Later in the morning, a few pintails and mallards swung around the three boats and their occupants. A few dropped within shotgun range, and Dowil's companions deferred shooting a couple of times, giving her a chance to change her luck. But all these late-flying birds left with little more than a fright and a lesson in choosing landing spots more carefully.

Flaspohler was hired specifically to help rehabilitate Shanks CA. His prior experience at other Conservation Department wetland areas suited him well for the job, and he brought in more expertise with the hiring of Ryan Kelly from Eagle Bluffs CA.

"Their ideas and creativity in recruiting partners for management work created the vision we needed to bring this area back," said Jones. "The team effort with Lori and others from the Design and Development Division are making that vision a reality. It's very exciting to see it coming together. It took 10 years, but this wasn't a situation that had a quick fix. I think the changes that are happening now are going to be obvious to people who use the area, whether they are hunters or birdwatchers."

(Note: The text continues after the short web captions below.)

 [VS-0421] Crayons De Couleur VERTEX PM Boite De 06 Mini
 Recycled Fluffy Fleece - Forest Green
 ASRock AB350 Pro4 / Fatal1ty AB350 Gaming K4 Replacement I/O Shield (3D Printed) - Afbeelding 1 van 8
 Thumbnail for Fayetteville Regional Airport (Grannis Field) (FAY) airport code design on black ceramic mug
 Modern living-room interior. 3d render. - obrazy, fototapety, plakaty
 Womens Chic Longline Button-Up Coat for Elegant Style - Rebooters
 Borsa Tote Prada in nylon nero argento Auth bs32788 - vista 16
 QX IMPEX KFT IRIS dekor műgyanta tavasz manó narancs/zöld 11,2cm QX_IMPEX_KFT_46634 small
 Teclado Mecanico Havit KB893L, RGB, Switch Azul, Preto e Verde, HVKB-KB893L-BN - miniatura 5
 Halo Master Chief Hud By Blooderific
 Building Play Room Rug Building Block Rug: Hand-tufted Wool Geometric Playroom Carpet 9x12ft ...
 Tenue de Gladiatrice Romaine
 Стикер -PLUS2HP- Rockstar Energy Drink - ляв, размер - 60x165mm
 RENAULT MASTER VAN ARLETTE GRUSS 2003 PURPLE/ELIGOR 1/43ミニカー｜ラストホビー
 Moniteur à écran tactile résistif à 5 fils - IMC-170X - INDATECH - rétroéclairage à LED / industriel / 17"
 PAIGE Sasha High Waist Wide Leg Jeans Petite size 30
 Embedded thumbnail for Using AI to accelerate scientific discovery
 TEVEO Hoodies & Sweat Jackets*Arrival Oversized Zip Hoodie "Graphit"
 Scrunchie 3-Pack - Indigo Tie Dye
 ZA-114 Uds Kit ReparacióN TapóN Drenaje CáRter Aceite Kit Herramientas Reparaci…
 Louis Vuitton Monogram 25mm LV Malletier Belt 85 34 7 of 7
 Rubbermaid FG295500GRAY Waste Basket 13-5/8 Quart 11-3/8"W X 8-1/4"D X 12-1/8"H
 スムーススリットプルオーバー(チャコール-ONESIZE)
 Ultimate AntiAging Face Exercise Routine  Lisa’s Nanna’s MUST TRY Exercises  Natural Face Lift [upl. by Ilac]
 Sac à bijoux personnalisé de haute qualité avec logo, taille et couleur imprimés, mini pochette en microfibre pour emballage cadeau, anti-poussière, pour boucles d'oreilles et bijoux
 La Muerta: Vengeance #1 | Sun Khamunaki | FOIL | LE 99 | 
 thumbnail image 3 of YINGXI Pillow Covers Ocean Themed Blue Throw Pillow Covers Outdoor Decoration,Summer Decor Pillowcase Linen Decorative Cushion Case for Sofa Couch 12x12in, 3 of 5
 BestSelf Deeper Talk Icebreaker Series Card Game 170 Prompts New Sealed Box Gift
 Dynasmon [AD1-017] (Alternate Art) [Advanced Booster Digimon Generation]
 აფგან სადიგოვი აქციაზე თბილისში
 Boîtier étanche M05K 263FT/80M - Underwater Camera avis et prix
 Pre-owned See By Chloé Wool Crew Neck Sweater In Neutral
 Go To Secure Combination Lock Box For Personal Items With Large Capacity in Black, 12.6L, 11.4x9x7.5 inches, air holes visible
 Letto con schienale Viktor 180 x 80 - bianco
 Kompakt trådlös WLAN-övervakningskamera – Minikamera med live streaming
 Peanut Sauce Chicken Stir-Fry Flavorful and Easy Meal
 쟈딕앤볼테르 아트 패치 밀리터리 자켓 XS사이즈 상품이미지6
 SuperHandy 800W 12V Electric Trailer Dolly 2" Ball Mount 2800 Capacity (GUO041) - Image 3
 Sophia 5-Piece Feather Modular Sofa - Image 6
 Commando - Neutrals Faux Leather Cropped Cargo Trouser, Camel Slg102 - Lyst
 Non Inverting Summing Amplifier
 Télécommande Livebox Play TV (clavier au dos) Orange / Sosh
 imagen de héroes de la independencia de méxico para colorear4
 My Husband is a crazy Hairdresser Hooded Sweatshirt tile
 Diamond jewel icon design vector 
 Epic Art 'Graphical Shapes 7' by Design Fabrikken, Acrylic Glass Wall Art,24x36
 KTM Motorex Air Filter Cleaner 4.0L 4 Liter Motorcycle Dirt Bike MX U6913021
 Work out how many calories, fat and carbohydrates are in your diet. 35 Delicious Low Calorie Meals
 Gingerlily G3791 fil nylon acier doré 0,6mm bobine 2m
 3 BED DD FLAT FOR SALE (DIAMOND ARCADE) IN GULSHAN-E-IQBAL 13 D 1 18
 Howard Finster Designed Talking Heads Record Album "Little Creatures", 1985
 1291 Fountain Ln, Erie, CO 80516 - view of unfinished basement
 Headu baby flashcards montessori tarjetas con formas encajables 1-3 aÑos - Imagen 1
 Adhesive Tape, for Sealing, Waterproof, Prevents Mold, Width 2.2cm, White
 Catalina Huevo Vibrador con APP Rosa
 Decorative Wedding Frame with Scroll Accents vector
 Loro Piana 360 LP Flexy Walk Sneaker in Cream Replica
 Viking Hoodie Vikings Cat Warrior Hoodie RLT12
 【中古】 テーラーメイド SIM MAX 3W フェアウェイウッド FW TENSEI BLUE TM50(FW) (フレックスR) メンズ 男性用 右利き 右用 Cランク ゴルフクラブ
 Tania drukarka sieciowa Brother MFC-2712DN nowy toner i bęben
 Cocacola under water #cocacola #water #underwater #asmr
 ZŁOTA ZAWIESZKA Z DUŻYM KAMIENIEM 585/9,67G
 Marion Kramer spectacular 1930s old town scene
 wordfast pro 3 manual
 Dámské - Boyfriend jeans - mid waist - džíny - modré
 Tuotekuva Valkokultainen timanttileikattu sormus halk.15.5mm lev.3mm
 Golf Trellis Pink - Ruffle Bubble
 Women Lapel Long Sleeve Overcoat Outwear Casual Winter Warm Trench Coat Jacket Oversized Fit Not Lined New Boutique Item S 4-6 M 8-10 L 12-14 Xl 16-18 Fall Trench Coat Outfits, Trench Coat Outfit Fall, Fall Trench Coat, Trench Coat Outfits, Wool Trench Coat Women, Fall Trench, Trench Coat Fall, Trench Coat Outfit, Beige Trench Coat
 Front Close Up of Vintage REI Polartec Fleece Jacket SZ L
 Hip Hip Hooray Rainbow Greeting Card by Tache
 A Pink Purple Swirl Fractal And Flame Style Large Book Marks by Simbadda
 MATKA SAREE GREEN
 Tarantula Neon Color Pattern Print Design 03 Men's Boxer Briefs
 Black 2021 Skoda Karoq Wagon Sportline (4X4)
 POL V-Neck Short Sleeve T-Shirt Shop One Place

The work is paying off. Shanks CA once again has three active bald eagle nests, as in the past. A fourth pair of eagles has a nest that could produce young this year.

As noon approached, the three loaded their gear and poled their boats back to the parking lot, one of three created to improve the accessibility of hunting blinds in Shanks CA's wade-and-shoot area. After loading their gear back into trucks and saying goodbyes, the three were off to visit other "poling" places.

Duck hunting season is past, but Shanks soon will be crowded with migrating waterfowl again. The spring migration begins in February and peaks in March, creating spectacular viewing opportunities for hunters and nonhunters alike.